I grew up around Cincy and fished farm ponds but never boat fished. Dad and I have a 16 ft flatbottom and are looking for new water to explore. East Fork is the closest but are there any other lakes in the area 1 to 1.5 hours drive from the 275 loop we should look into? I prefer to fish for the saugeye but white bass and crappie would be a good start to break in the boat. We would have no problem getting KY or Hoosier liscenses any thoughts would help. 

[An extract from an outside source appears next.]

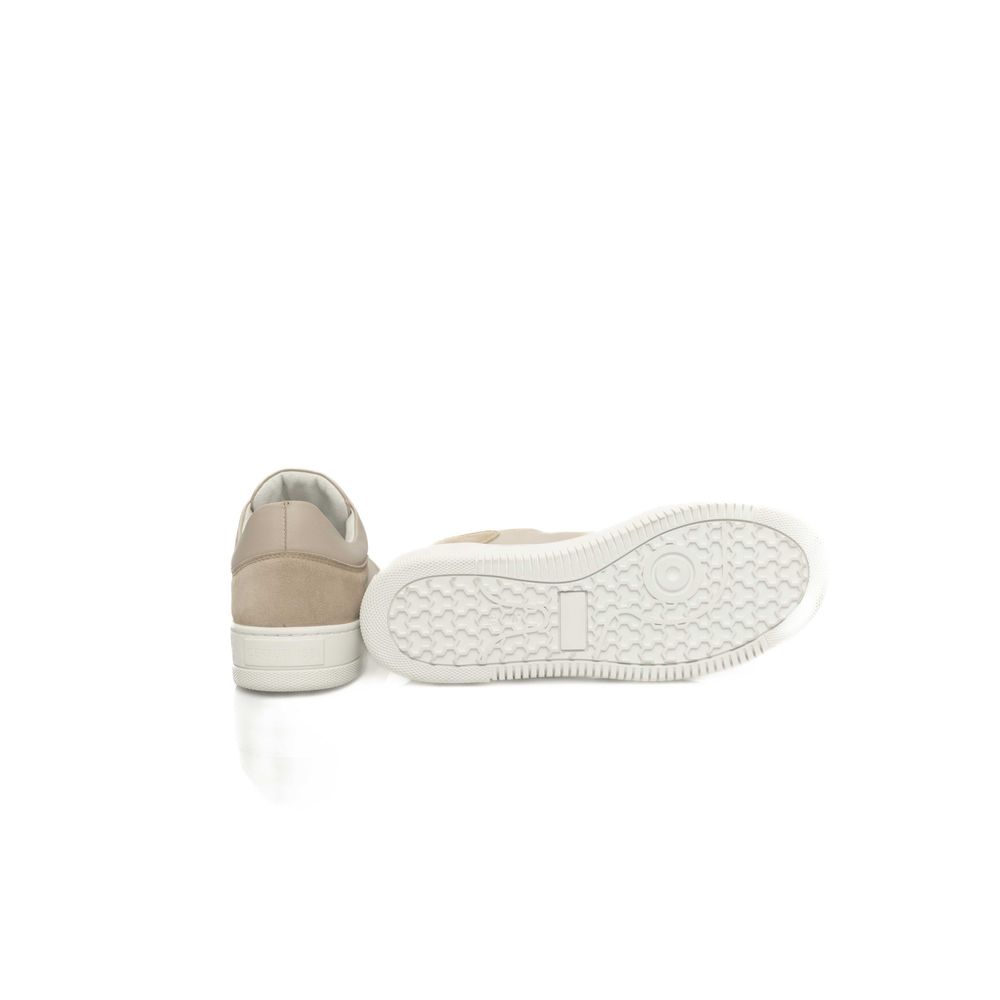 Cerruti 1881 Women's Beige Cowhide Platform Sneakers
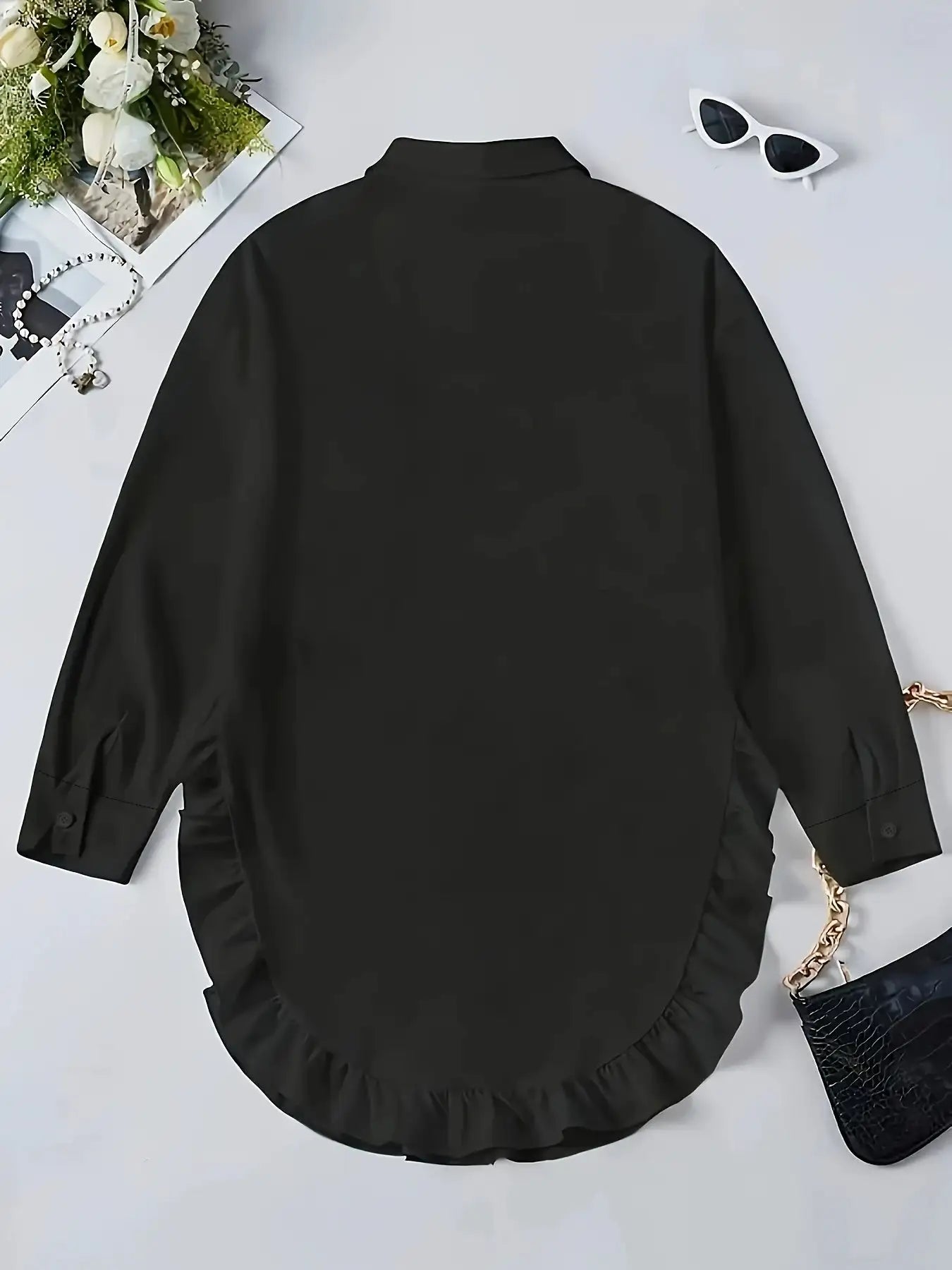 Hem Ruffled Casual Long Sleeve Shirt - SJB-DIAMOND ELITES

We went to Indian last Saturday and it was hairy with the chop on the water and cold windy conditions but had been at least 15 years since my dad and I spent a whole day fishing together and I would brave any conditions for that. Zero fish but have had at least two conversations a day since about when and where we are going to head out. Dads call your boys and ask them to head out with you. It did us both a world of good.

~Speck


----------



## Viper684 (Apr 5, 2009)

If your looking for Saugeye, I would recommend Caesar Creek


----------



## fishymcgoo (Jul 20, 2005)

i dont believe the lake has saugeye but it is a heck of a good crappie lake. also the catfishing can be good there as well. and i have caught a white bass or 2 there. good luck!


----------



## saugeye_nut (Apr 7, 2007)

eastfork doesn't have saugeyes in the lake. ceasers creek, cowan, and rocky fork are the next closest lakes to east fork with saugeyes. drn did a huge stocking of eyes in to cowan this year. brookville lake has a nice population of walleye. hope this helps you and your dad. if you need more info p.m. me and i will try to help you somemore.


----------



## Mean Morone (Apr 12, 2004)

East Fork hasn't been stocked with saugeye by the state that I know of. I have seen a picture or two of nice saugeye that were supposedly caughtt there. I did see a dead one floating by our boat a couple of summers ago. 

White bass haven't been stocked by the state either but they are in there. This is supposed to be a hybrid lake with a 15 inch limit so if you aren't sure if it is a white bass and it is under 15 inches, throw it back.


----------